Input

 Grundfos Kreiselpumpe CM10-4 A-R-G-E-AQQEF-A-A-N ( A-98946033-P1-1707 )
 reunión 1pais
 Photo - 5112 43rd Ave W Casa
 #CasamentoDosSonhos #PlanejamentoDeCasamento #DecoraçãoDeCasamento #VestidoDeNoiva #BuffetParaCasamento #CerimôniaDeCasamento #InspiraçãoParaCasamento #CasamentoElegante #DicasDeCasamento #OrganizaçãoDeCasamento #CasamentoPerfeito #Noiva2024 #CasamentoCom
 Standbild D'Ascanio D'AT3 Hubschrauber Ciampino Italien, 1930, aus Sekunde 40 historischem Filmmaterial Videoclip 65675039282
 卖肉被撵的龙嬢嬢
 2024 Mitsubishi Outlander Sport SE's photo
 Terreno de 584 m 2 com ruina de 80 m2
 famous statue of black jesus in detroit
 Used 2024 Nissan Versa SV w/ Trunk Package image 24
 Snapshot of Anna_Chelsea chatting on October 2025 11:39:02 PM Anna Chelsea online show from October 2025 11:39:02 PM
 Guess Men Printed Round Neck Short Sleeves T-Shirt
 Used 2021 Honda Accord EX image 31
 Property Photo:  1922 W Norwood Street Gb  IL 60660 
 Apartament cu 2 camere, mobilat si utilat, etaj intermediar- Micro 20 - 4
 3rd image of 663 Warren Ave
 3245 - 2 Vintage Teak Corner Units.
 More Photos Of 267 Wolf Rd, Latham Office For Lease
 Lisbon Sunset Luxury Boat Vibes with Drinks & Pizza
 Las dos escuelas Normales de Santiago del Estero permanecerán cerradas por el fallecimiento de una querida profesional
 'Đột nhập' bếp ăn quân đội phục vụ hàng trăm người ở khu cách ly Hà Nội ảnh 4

Exercise requirements
If a line of the data holds the string "Used", list it.

Solution for this exercise
 Used 2024 Nissan Versa SV w/ Trunk Package image 24
 Used 2021 Honda Accord EX image 31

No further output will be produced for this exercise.